Stephen King Says to Stop Whining About Spoilers

Stephen King has a message for spoiler alarmists: relax. In a sharp tribute to Daphne du Maurier, he argues the best stories are spoiler-proof—the suspense comes from masterful craft, not a single reveal.
Stephen King just used a Guardian piece to poke at spoiler culture while tipping his hat to Dame Daphne du Maurier, and he did not tiptoe around it.
King vs spoilers
In an essay for The Guardian, King pauses his praise of du Maurier to wade into the forever argument about spoilers. He says the term itself is a relatively recent internet-and-social-media creation, and he is over it. His take: if a story is actually good, you can’t really ruin it by knowing where it ends, because the fun is getting there.
'I find "You spoiled it!" to be, typically, the cry of spoilt people.'
That’s the tone throughout: blunt. He argues the best stories hold up even when you know the ending, because the ride matters more than the destination.

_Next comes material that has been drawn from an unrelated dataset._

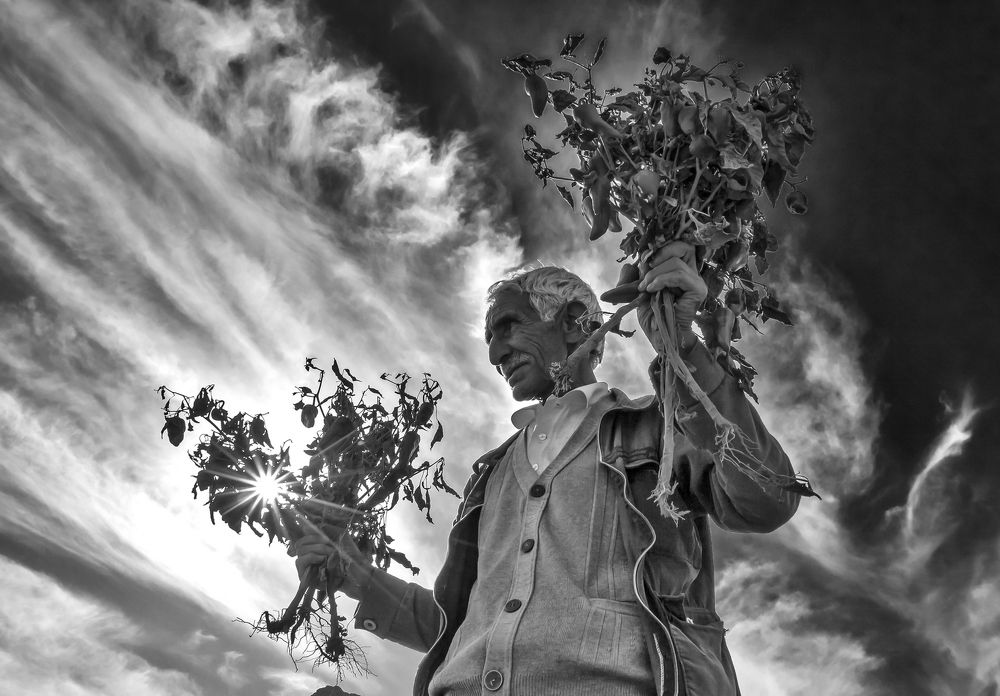 Photograph by Sharife Aliabadi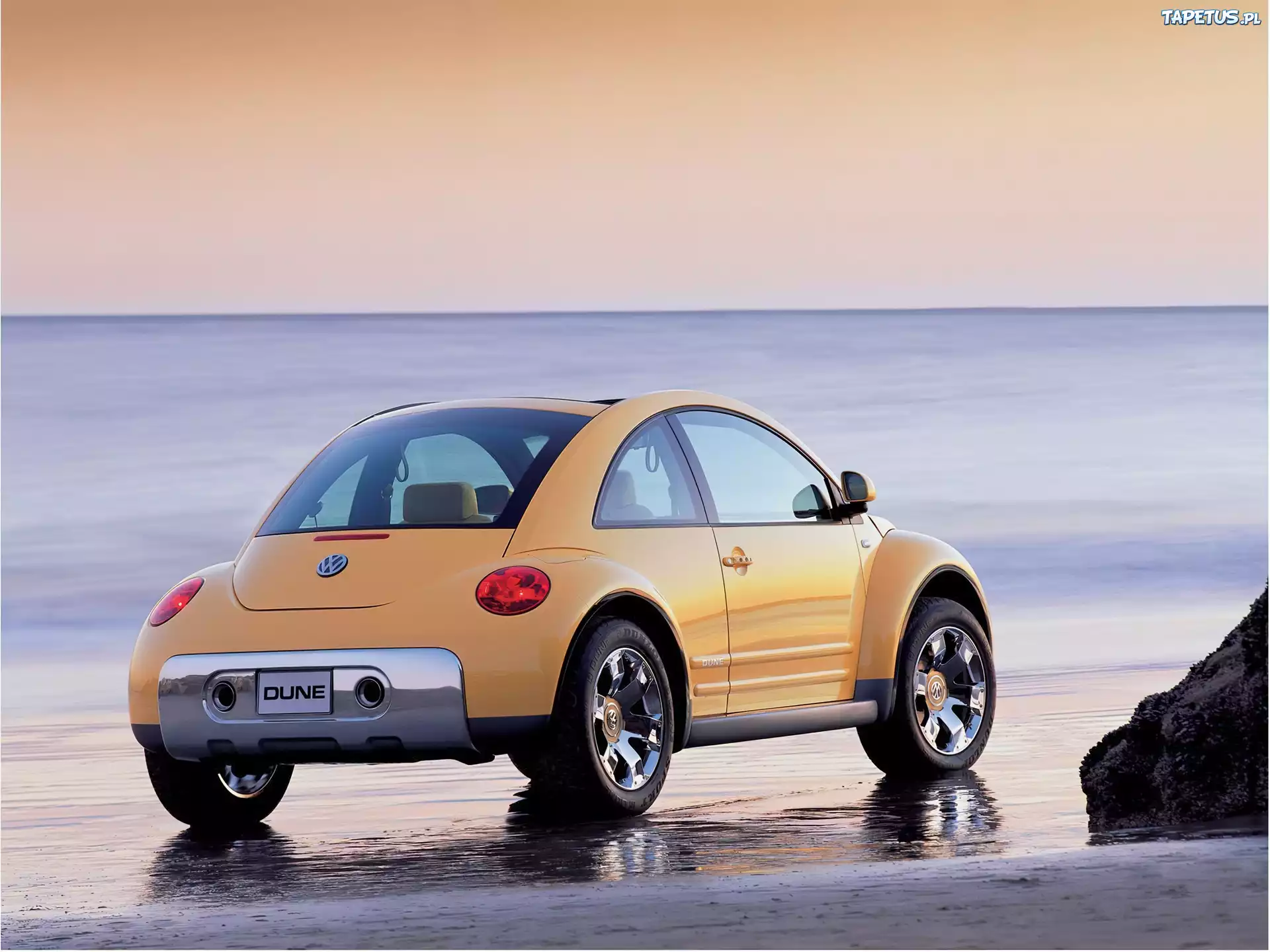 Volkswagen New Beetle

Why du Maurier is the exception
King is not just venting. He uses du Maurier to make a point about endings. Her horror tales, he says, land in this uneasy, deliberately unsettled place where she lets the reader finish the job in their head. Because of that, he believes talking about them in detail really does deflate their impact. He calls her a master storyteller — 'diabolical,' even — and you can hear the admiration in the way he warns people not to over-explain her work.
Why this is coming up now
The timing is not random. King’s piece arrives alongside the release of 'After Midnight: Thirteen Chilling Tales,' a new collection of du Maurier’s dark short fiction. The book comes with a fresh introduction by King himself, which makes his spoiler stance — and his du Maurier praise — feel like both a heartfelt tribute and a heads-up: go in as blind as you can, because that’s how her stories hurt best.